[HOWTO] How To Use Wit.ai, Windows Speech Recognition, Google Cloud Voice Recognition, or Recognissimo in Conversations

Tony Li · Post by **Tony Li** » Wed Dec 21, 2016 8:55 pm

(Link to example scenes at end of post. Also includes Windows Speech Recognition, Google, & Recognissimo examples.)

A Dialogue System user developed an interesting way to run conversations. I wanted to post a description here in case it can help others.

Subtitles can be sent to a text-to-speech plugin such as RT-Voice. The Dialogue System has very easy integration for it.

This post covers the other direction: allowing the player to make responses simply by speaking.

In place of a traditional response menu UI, his solution listens for keywords, which he refers to as "intents." When editing a response dialogue entry, he puts the intent text into the Menu Text field. When the player speaks a keyword associated with a response, the Dialogue System chooses that response.

To accomplish this, he used wit.ai, an online speech recognition service. He started with the Unity / wit.ai integration at https://github.com/afauch/wit3d

He used the parts of wit3D that initiate recording, save a file of the recording, send it to wit.ai, get back the JSON, and parse the JSON for the intent.

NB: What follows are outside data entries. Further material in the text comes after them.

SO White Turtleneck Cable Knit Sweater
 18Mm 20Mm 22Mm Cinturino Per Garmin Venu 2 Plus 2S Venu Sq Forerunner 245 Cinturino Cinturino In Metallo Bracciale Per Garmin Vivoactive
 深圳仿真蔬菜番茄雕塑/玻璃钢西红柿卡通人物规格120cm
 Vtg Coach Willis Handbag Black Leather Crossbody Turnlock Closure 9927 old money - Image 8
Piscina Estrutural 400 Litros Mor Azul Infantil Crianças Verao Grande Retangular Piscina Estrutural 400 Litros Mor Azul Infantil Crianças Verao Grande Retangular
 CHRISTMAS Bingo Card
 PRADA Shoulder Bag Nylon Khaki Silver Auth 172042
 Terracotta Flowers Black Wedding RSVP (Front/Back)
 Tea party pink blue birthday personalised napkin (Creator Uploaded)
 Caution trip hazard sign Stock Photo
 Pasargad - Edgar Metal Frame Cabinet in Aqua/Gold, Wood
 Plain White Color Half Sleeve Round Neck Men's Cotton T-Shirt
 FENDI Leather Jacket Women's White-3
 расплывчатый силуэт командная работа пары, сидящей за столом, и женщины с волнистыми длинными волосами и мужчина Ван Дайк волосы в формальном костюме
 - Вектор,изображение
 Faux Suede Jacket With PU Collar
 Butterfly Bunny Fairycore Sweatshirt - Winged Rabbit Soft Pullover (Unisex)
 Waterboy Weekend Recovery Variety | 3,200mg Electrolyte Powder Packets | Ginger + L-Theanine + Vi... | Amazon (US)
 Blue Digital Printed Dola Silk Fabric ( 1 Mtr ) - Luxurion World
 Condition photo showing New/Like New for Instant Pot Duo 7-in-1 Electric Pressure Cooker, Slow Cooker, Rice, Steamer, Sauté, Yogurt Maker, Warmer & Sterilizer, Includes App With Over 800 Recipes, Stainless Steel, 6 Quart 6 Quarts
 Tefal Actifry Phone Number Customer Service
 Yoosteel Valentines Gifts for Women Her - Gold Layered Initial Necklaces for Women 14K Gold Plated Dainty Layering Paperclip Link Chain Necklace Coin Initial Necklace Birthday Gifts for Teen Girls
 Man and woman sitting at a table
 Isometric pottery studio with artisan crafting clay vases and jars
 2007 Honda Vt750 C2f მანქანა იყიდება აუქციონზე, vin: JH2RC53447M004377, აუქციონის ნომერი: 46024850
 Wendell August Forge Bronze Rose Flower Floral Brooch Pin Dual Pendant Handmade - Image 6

Then he passes the intent to a simple subclass of UnityUIDialogueUI that he named WitDialogueUI. (When he receives input from wit.ai, he calls a static method in WitDialogueUI.) The basic code is here:

WitDialogueUI.cs

Code: Select all

using UnityEngine;
using System.Collections;
using PixelCrushers.DialogueSystem;

public class WitDialogueUI : UnityUIDialogueUI {

    //Use a singleton to allow access from static methods
    public static WitDialogueUI Instance;

    public override void Awake() {
        base.Awake();
        Instance = this;
    }

    public bool showMenu = true; // Show response menu. Useful for debugging.

    public bool listening = false; // True when listening for a Wit.AI voice command.

    public Response[] responses;

    public override void ShowResponses(Subtitle subtitle, Response[] responses, float timeout) {
        base.ShowResponses(subtitle, responses, timeout);
        this.responses = responses; // Remember the responses to check when wit.ai returns an intent.
    }

    public override void HideResponses() {
        base.HideResponses();
        responses = null; // Response menu is done, so no responses to check.
    }

    // Get the Intent from the _Handler script (part of Wit3d)
    public static void getIntentFromWit3d(string Wit3Dintent) {
        if (!string.IsNullOrEmpty(Wit3Dintent)) {
            foreach (var response in Instance.responses) {
                if (string.Equals(Wit3Dintent, response.formattedText.text)) {
                    // We have a match, select the choice:
                    Instance.OnClick(response); // Simulate a click on a response button.
                }
            }
        }
    }    
}

So using this technique, he could create a game like The Wayne Investigation on Amazon Echo, or a mobile game that he could play in the car without having to look at a screen, or an accessible game for visually impaired players. Pretty neat!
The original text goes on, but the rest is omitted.